Hauptversammlung „Wir verstehen die Stimmung unserer Aktionäre“ – Bayer-Vorstand will Vertrauen zurückgewinnen
Bonn Die Bayer-Führung hat auf der Hauptversammlung in Bonn eine schwere Niederlage erlitten. Die Aktionäre stimmten am späten Freitagabend mehrheitlich mit 55,5 Prozent gegen die Entlastung des Vorstandes für das Geschäftsjahr 2018. Nur 44,5 Prozent votierten dafür. Weniger verheerend, aber schwach ist das Ergebnis für den Aufsichtsrat: 66 Prozent votierten für dessen Entlastung, 33 Prozent sind dagegen, der Rest enthielt sich.

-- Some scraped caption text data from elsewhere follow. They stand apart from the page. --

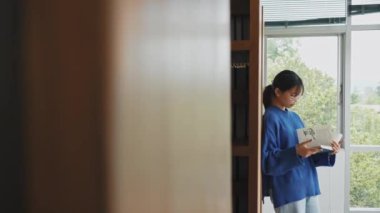 Öğrenci kız kütüphanede kitap okuyor. Eğitim ve öğrenme kavramı.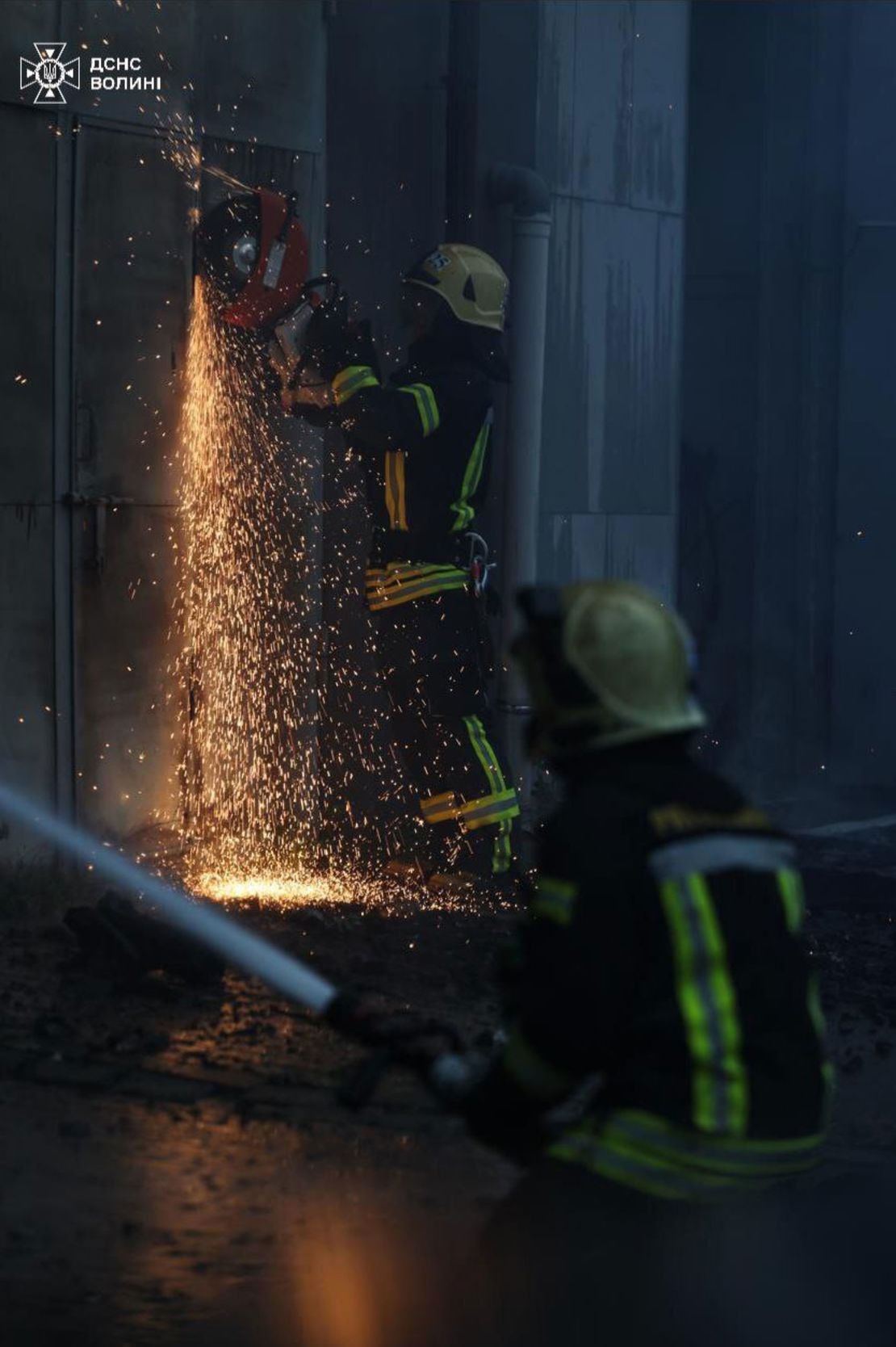 In this image shared to Telegram on July 9, 2025, firefighters work at the site of a Russian missile strike in Lutsk, Ukraine.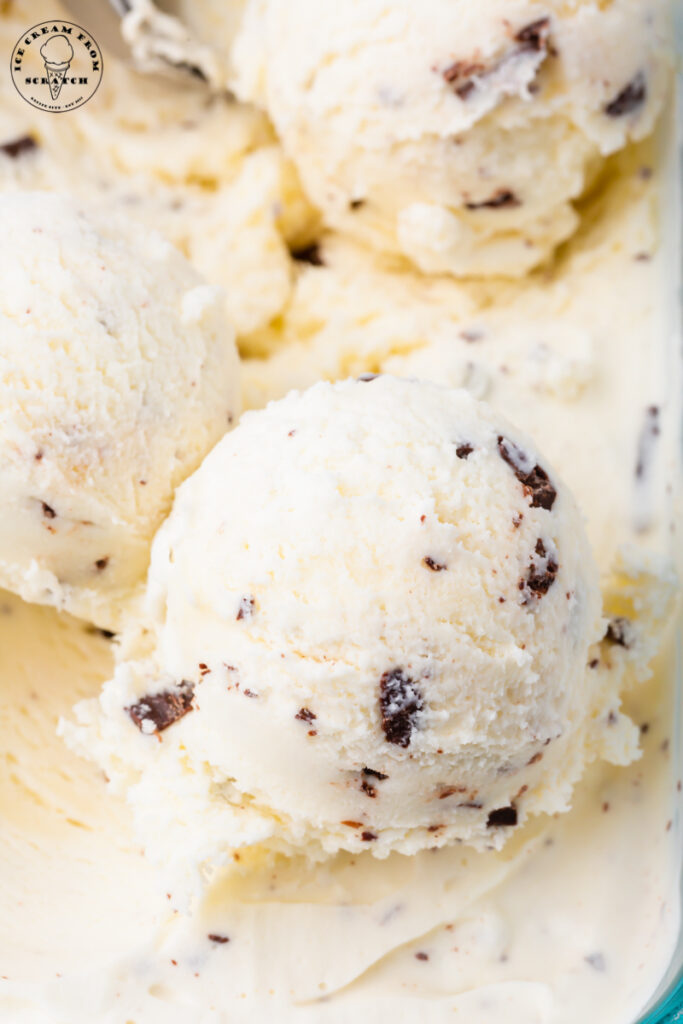 Close-up view of homemade chocolate chunk ice cream scoops.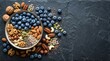 © Sariyono - Assorted Fresh Berries and Nuts on Dark Surface for Healthy Snack Concept.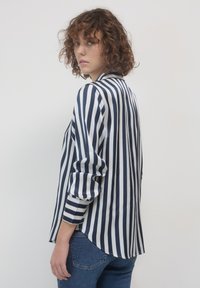 Camicetta a righe nei colori blu navy e bianco, tessuto semi-trasparente, maniche lunghe e orlo posteriore allungato. Indossata con jeans blu.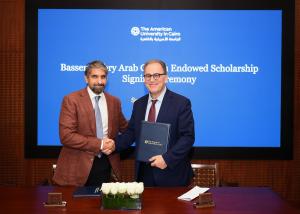 Two men shaking hands after signing agreement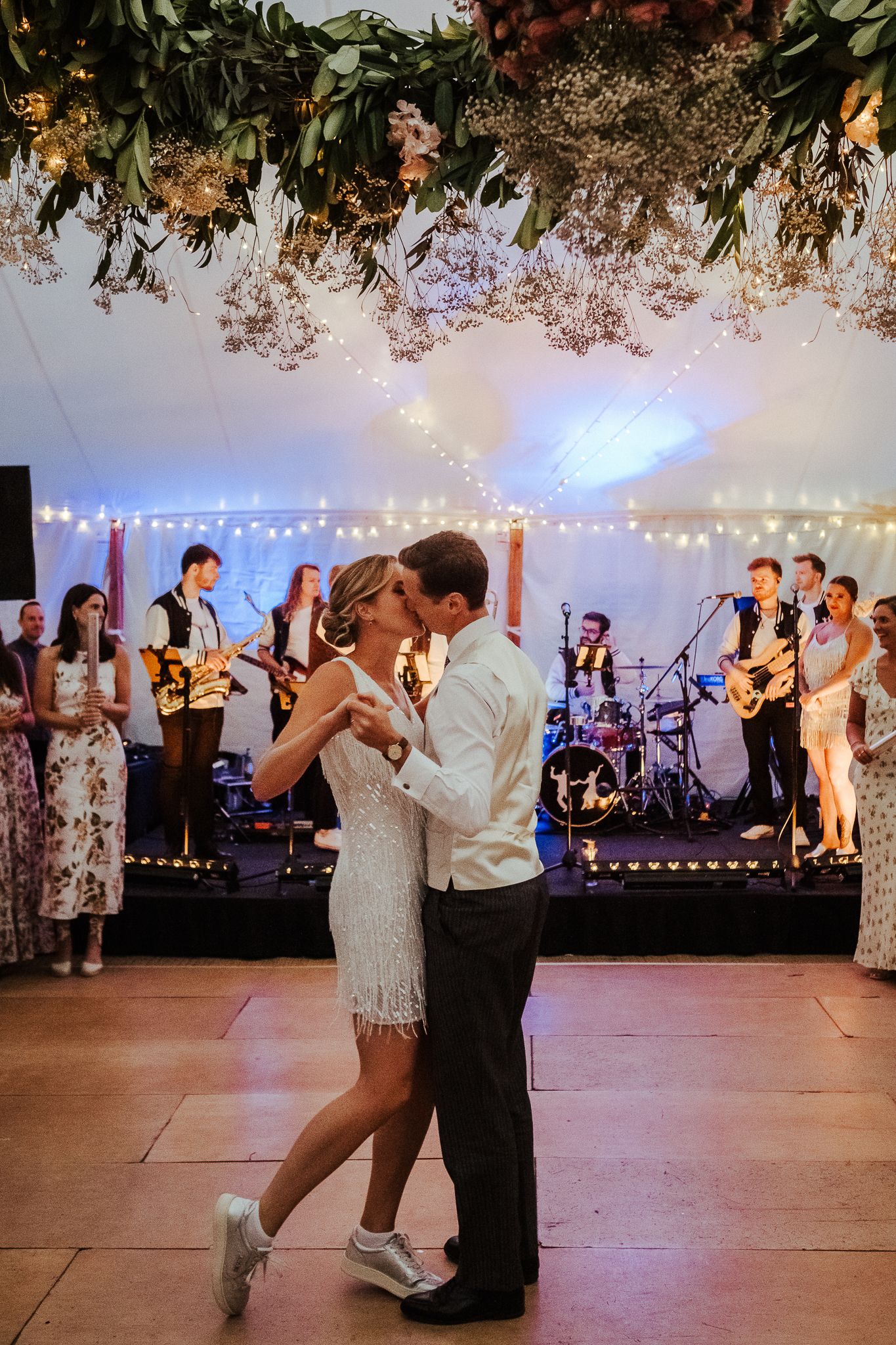 First dance at wedding reception with live band performing under hanging floral decorations and string lights.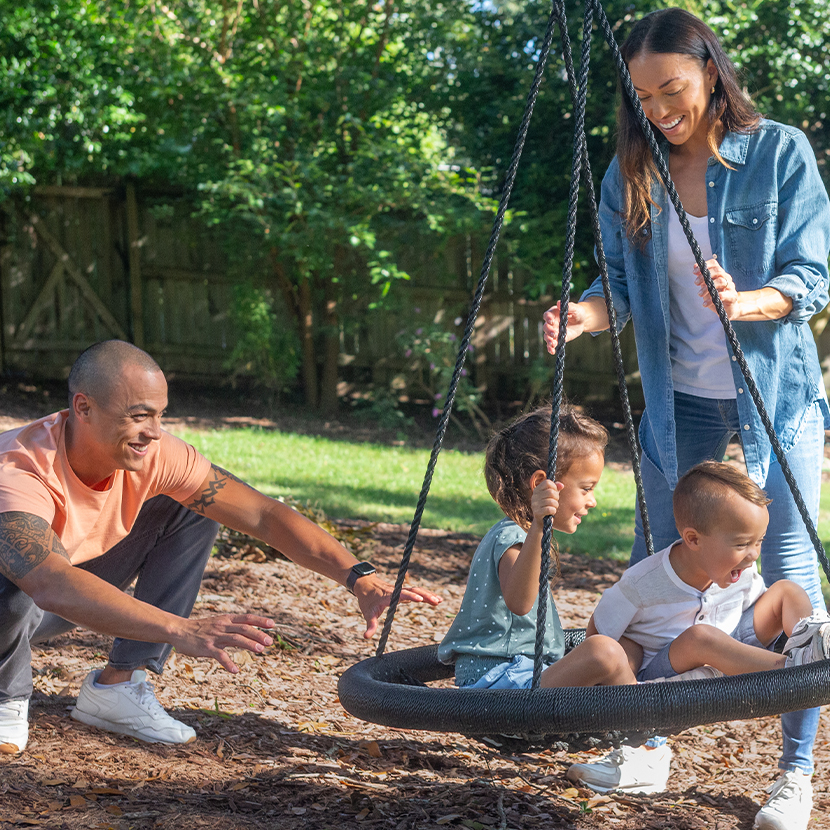 Man and woman pushing two young children on a swing, outside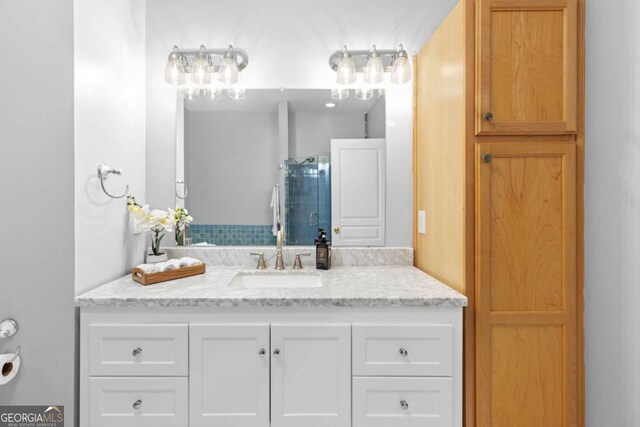 bathroom with a shower stall and vanity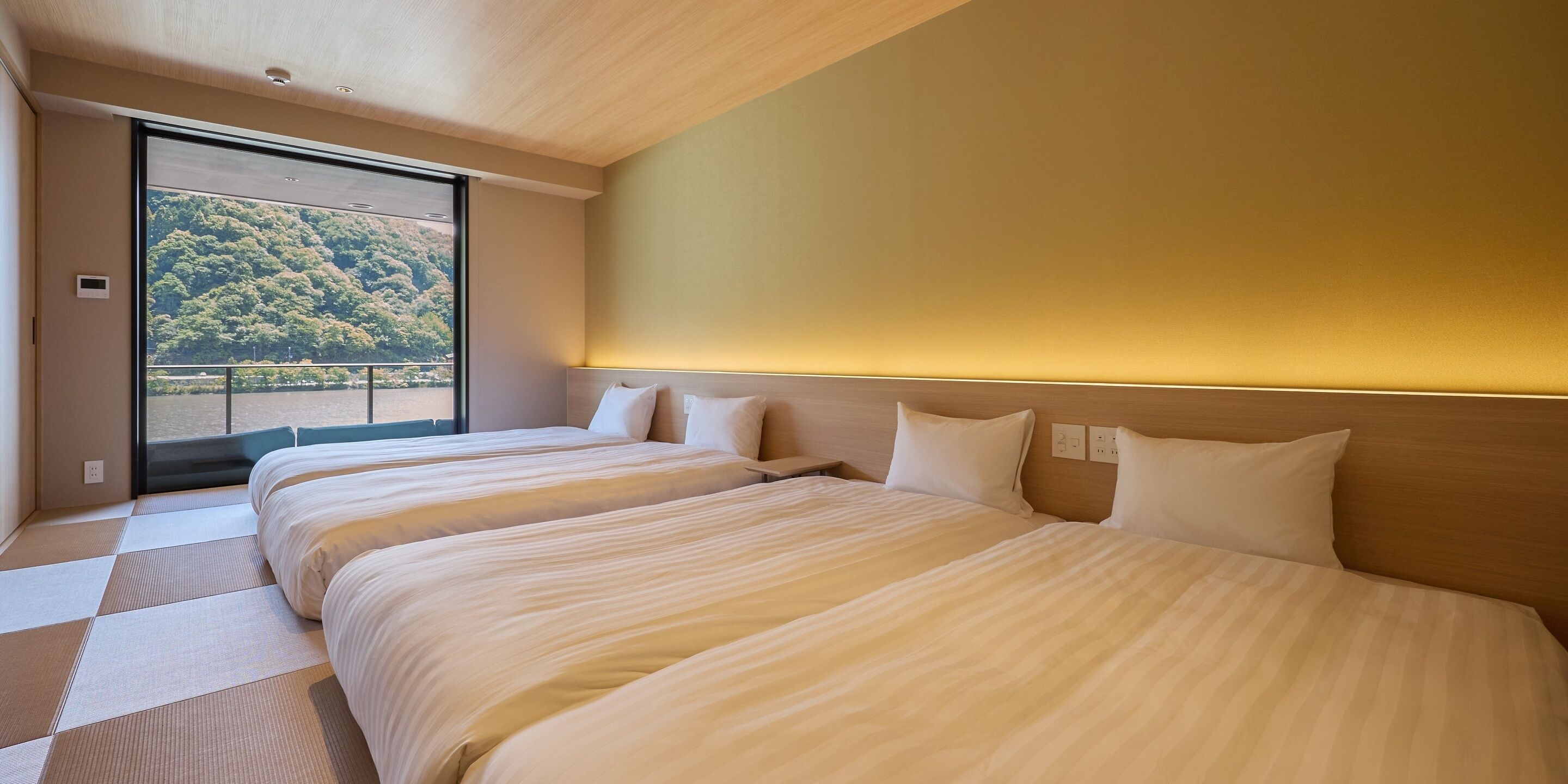 A hotel room with two beds, a large window, and a view of a forested area.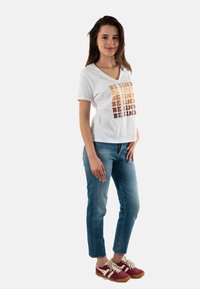 Camiseta de algodón blanca con escote en V, con la frase "SE AMABLE" impresa en tonos marrones degradados. Lleva puesta unos vaqueros azules y zapatillas burdeos.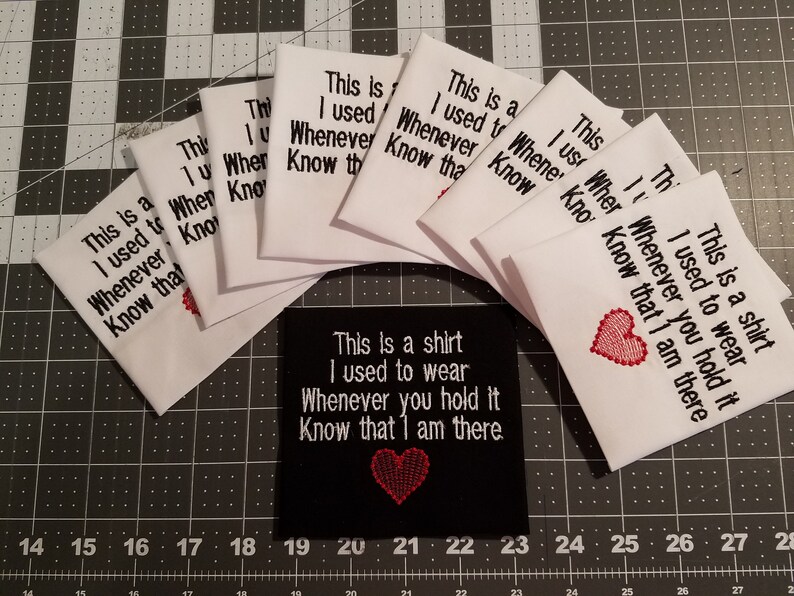 May include: A set of white fabric patches with the text "This is a shirt I used to wear Whenever you hold it Know that I am there."  A black fabric patch with the same text and a red heart.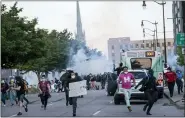  ?? NICOLE HESTER/ANN ARBOR NEWS VIA AP, FILE ?? In this May 31, 2020 file photo, Detroit police fire tear gas at protesters during the third day of protesting police brutality and justice for George Floyd in Detroit. The city of Detroit said Tuesday it will dismiss most misdemeano­r citations issued last spring during several days of protests against police brutality following the death of Floyd in Minneapoli­s.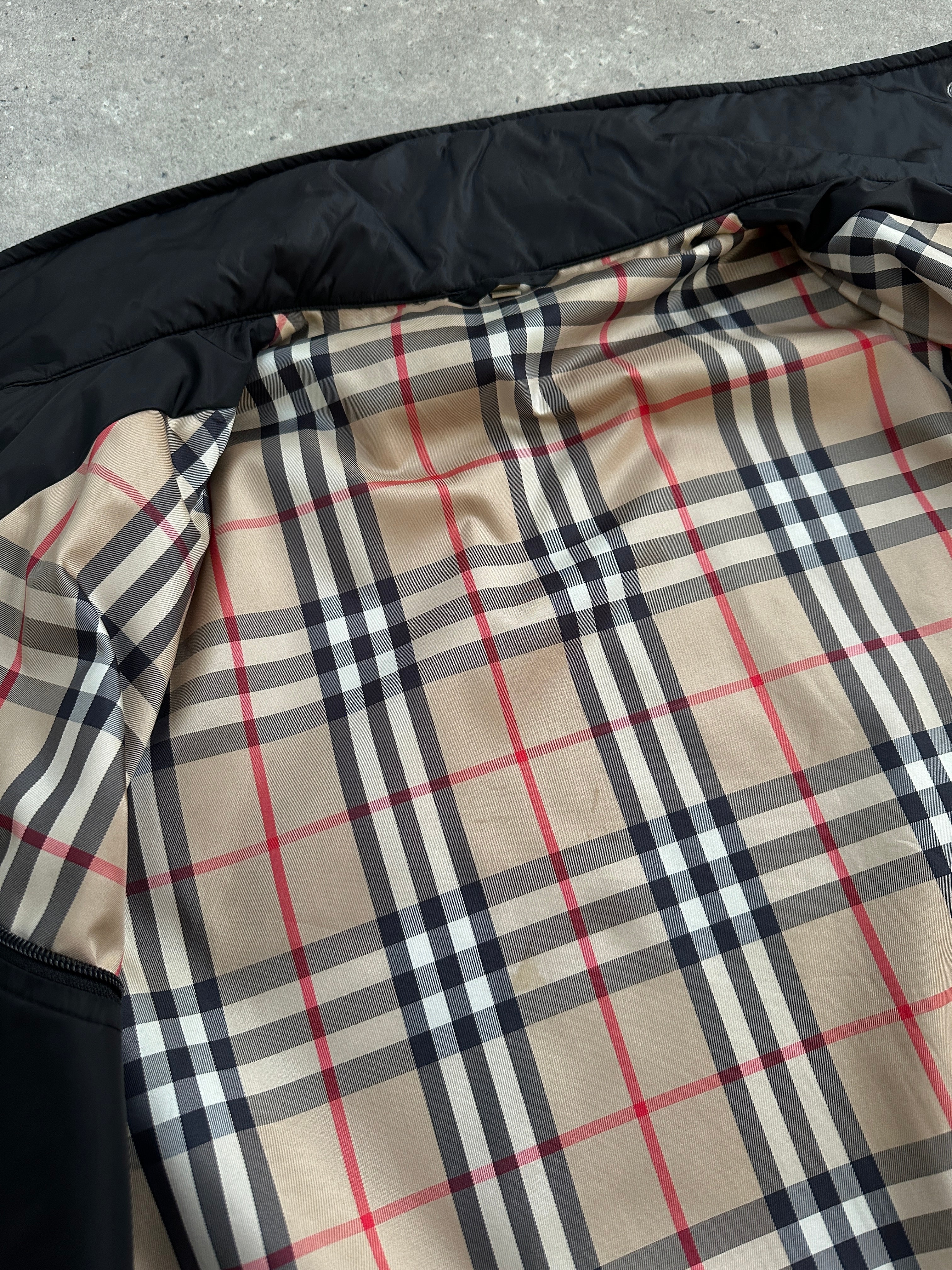 Burberry London 2000s nylon high neck jacket in black, front view showing sleek high collar and lightweight material.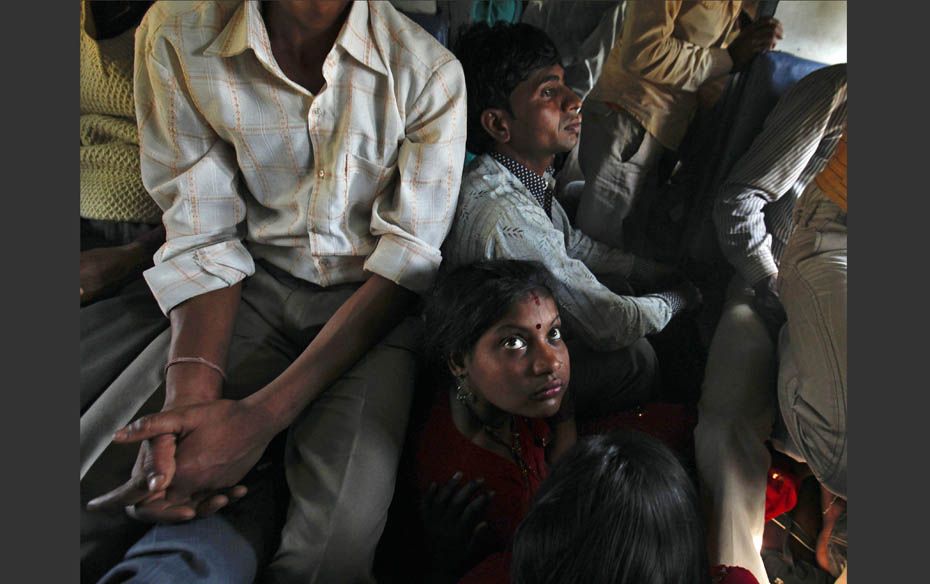 Passengers sit on the floor while travelling inside an overcrowded general class compartment of the 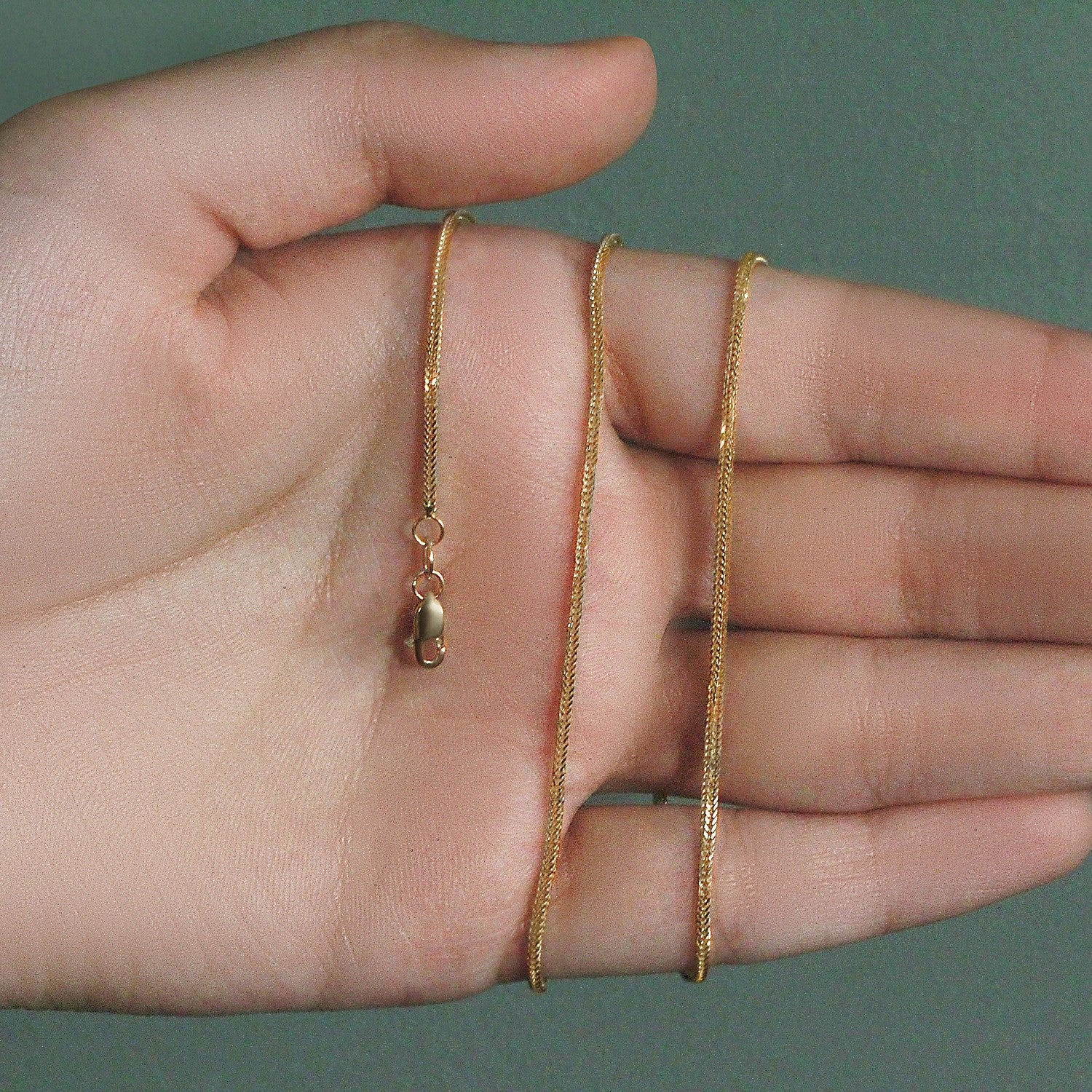 Peelerie jewelry piece in midnight luxury editorial product photo, high-contrast studio lighting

Die Investoren demonstrieren damit ihren Unmut über den massiven Wertverlust ihres Investments seit der Monsanto-Übernahme. Die Aktionäre entziehen Vorstandschef Werner Baumann praktisch das Vertrauen. Baumann ist der erste amtierende Vorstandschef eines Dax-Konzerns, dem dies widerfährt. Seine Zukunft ist nun ungewiss.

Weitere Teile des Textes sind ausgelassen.